## TASK BRIEF
With pictures excluded, give again exactly the lines running from the one holding "Portable 2000W/3000W PTC" through the end of the listing below.

## SUPPLIED RECORDS
____

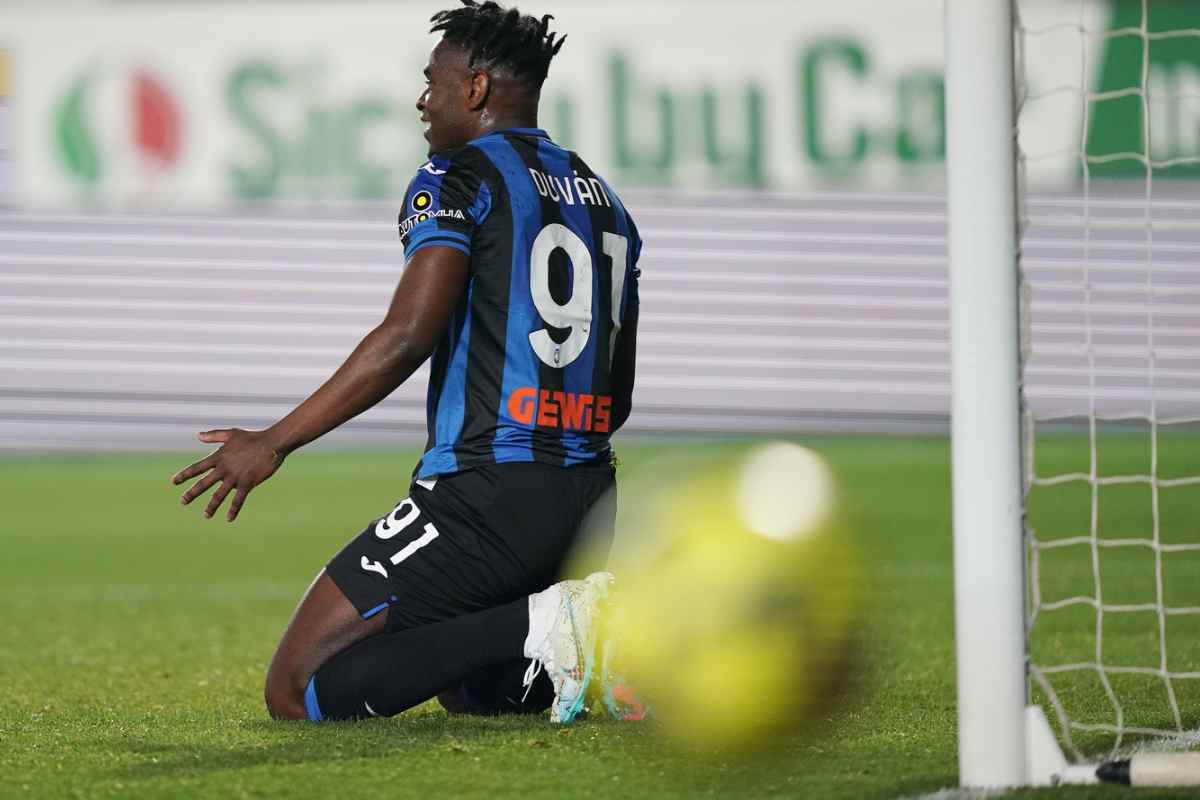 calciomercato Zapata Atalanta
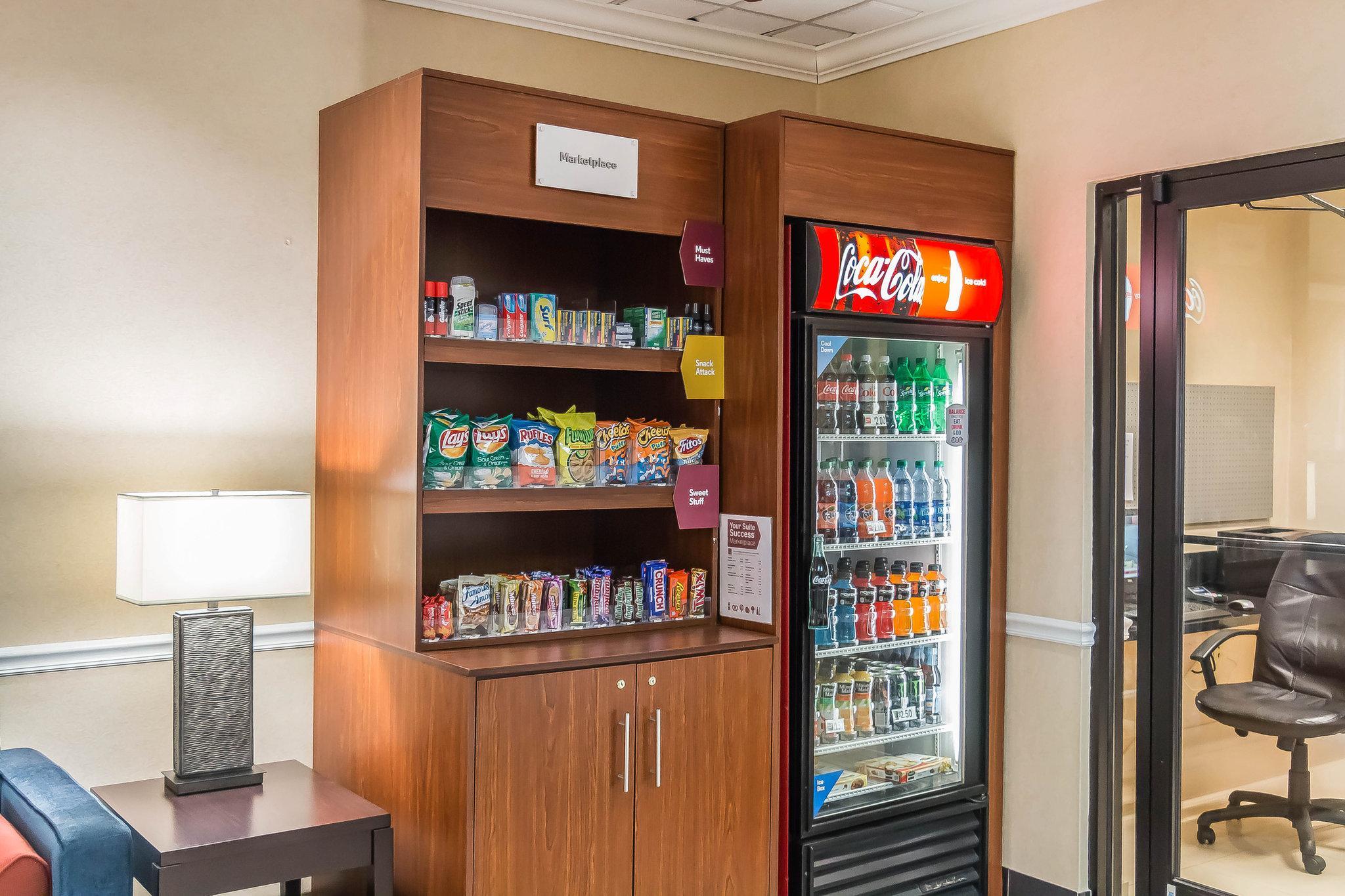 Comfort Suites Savannah North Port Wentworth Εξωτερικό φωτογραφία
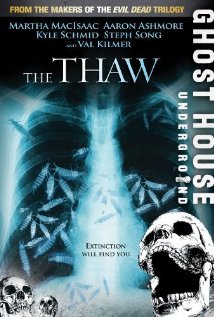 The Thaw 2009 poster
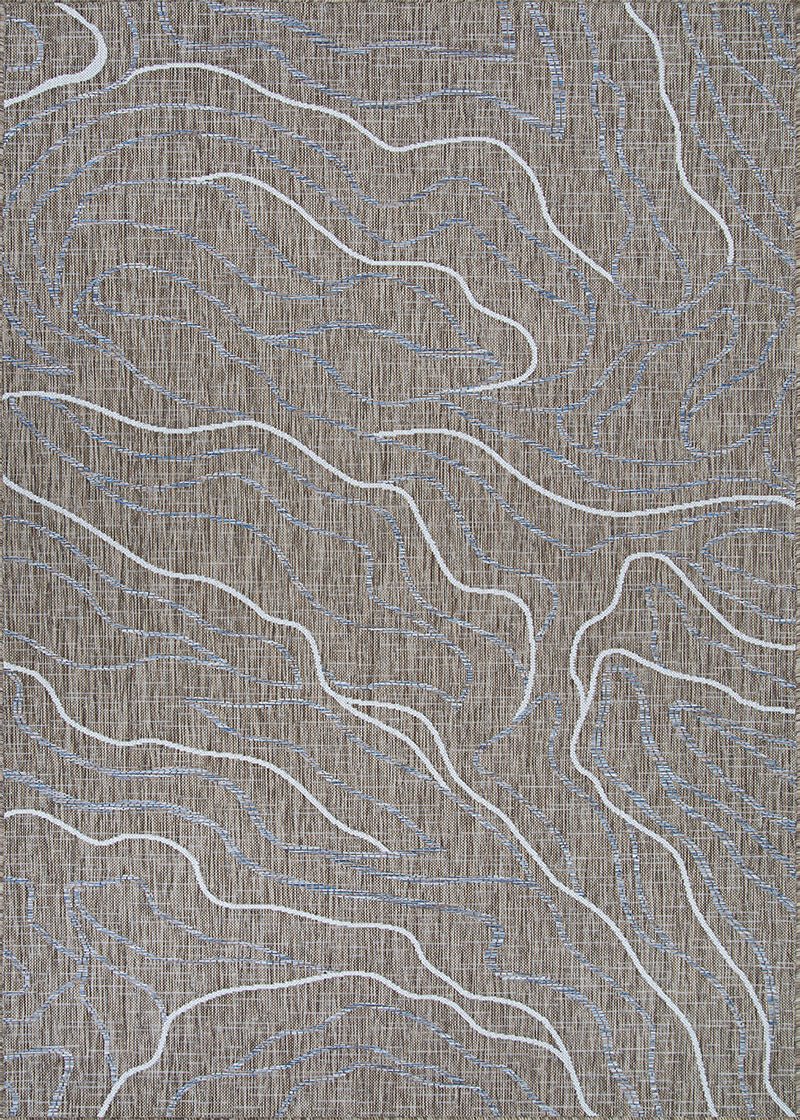 Couristan Charm Odessa 2557/2091 Twig Rugs - Couristan - 25572091033056t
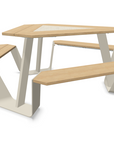 Outdoor Anker Picnic Table - Kansas City Office Furniture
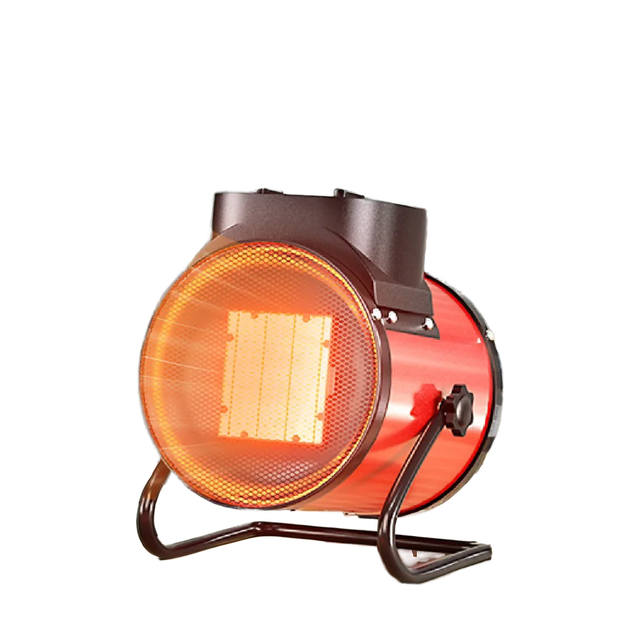 Portable 2000W/3000W PTC Ceramic Desktop Electric Heater A+++ Energy Efficiency Overheat Protection Durable Metal Construction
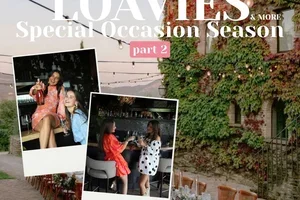Special Occasion Dresses! Part. 2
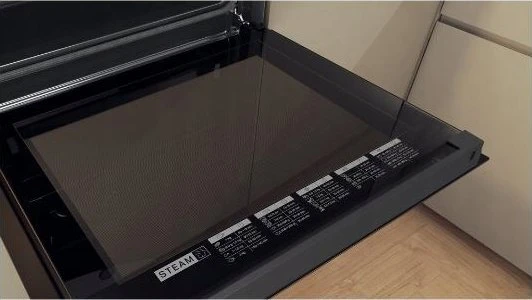 Orkaitė Whirlpool OMSK58RU1SB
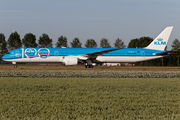 KLM - Royal Dutch Airlines Boeing 787-10 Dreamliner (PH-BKA) at  Amsterdam - Schiphol, Netherlands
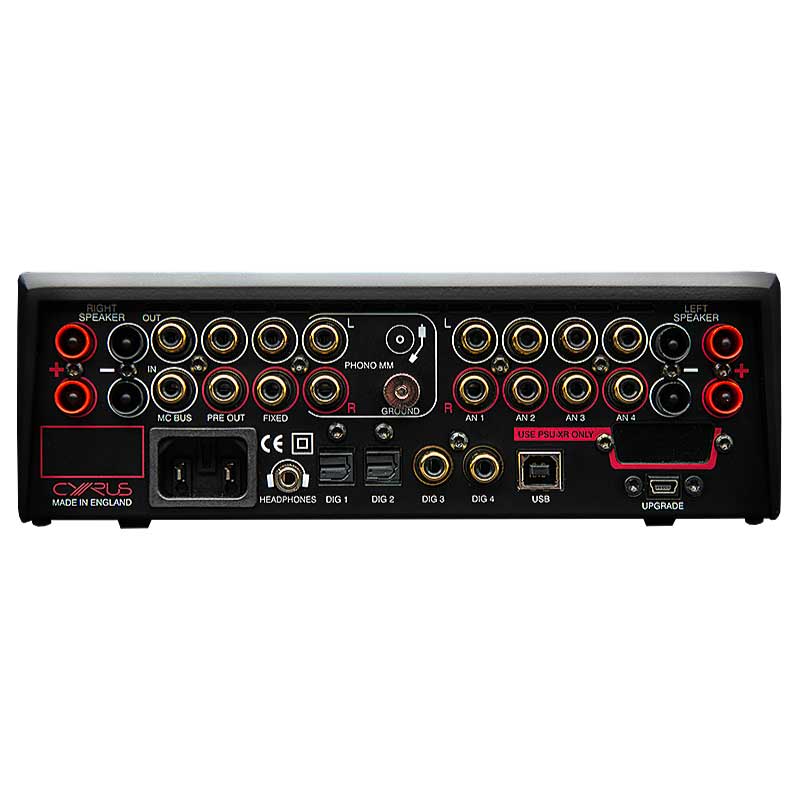 Rapallo | Cyrus Audio I7-XR Integrated Amplifier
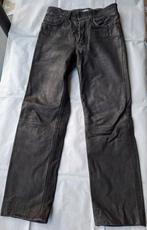 Tango stevige leren broek zwart maat 29, Tango, Zwart, Ophalen of Verzenden, Maat 36 (S)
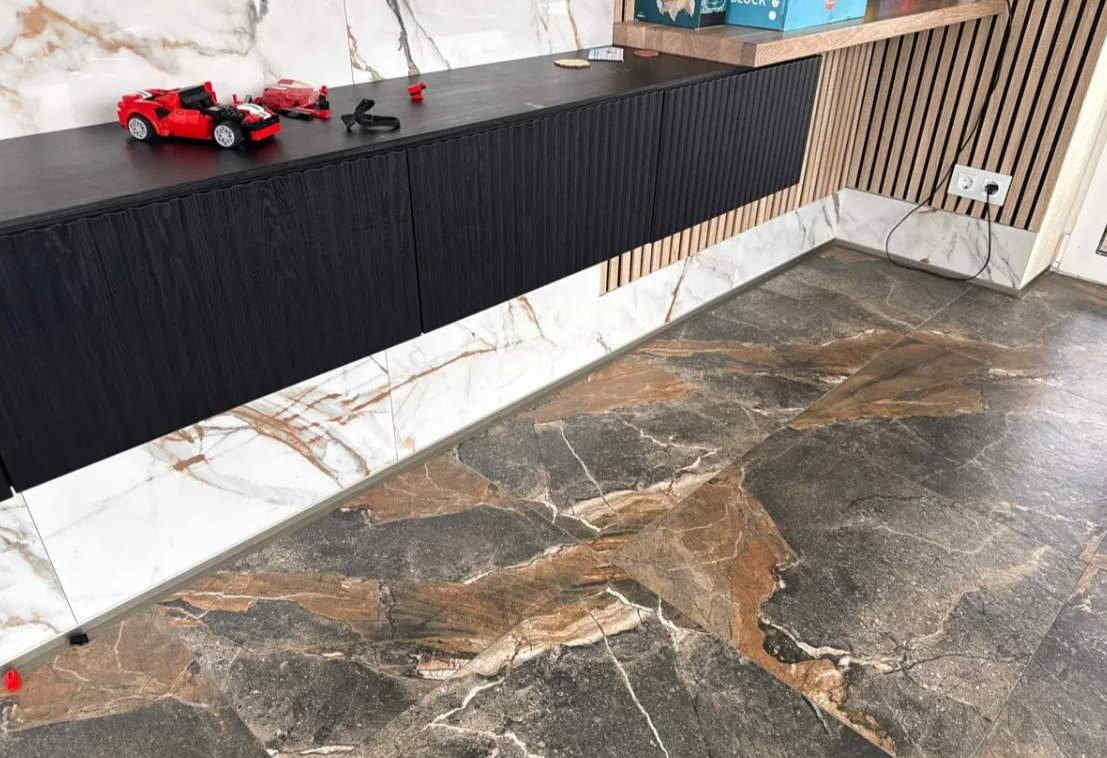 УВО 01-27.2700.091 10*10 Дуб темный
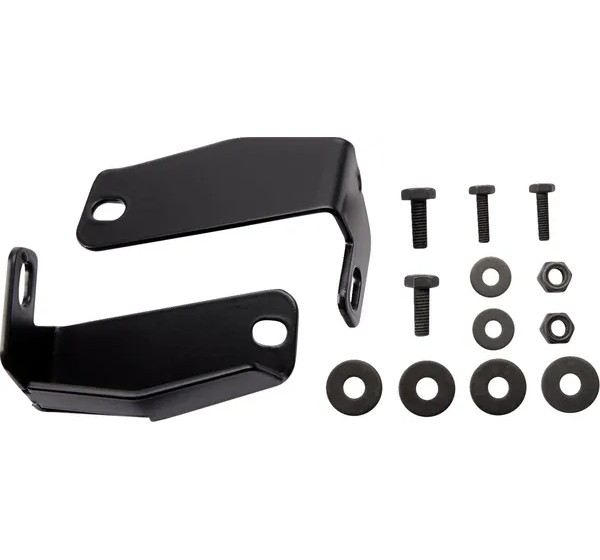 MOOSE OFFROAD FOUR WHEEL Stoßfänger & Motorschutzplatten - Detailansicht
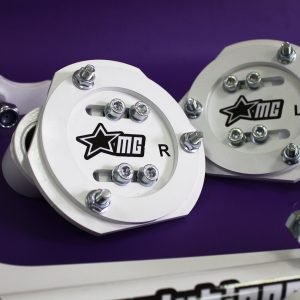 ⭐ BMW e30, e36, e46 M3 Camber/Caster Adjustable Suspension Top Mounts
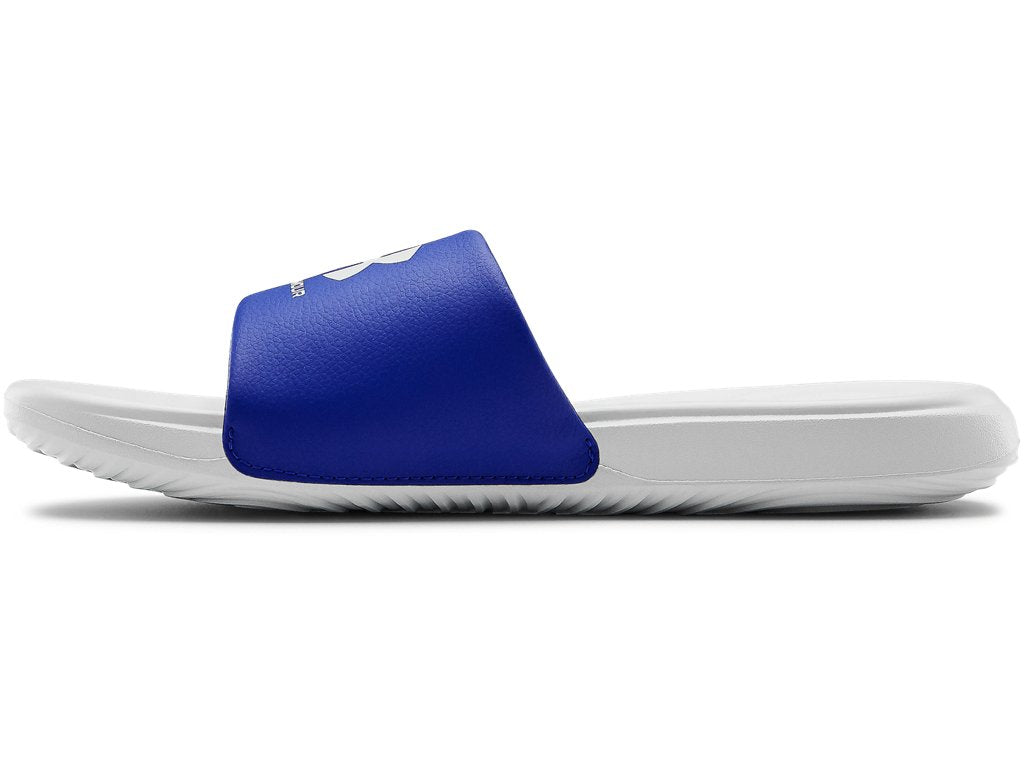 Under Armour Men's Ansa Fixed Slides Footwear - Comfortable and Long-lasting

____

## EXERCISE OUTPUT
 Portable 2000W/3000W PTC Ceramic Desktop Electric Heater A+++ Energy Efficiency Overheat Protection Durable Metal Construction
Special Occasion Dresses! Part. 2
 Orkaitė Whirlpool OMSK58RU1SB
 KLM - Royal Dutch Airlines Boeing 787-10 Dreamliner (PH-BKA) at  Amsterdam - Schiphol, Netherlands
 Rapallo | Cyrus Audio I7-XR Integrated Amplifier
 Tango stevige leren broek zwart maat 29, Tango, Zwart, Ophalen of Verzenden, Maat 36 (S)
 УВО 01-27.2700.091 10*10 Дуб темный
 MOOSE OFFROAD FOUR WHEEL Stoßfänger & Motorschutzplatten - Detailansicht
 ⭐ BMW e30, e36, e46 M3 Camber/Caster Adjustable Suspension Top Mounts
 Under Armour Men's Ansa Fixed Slides Footwear - Comfortable and Long-lasting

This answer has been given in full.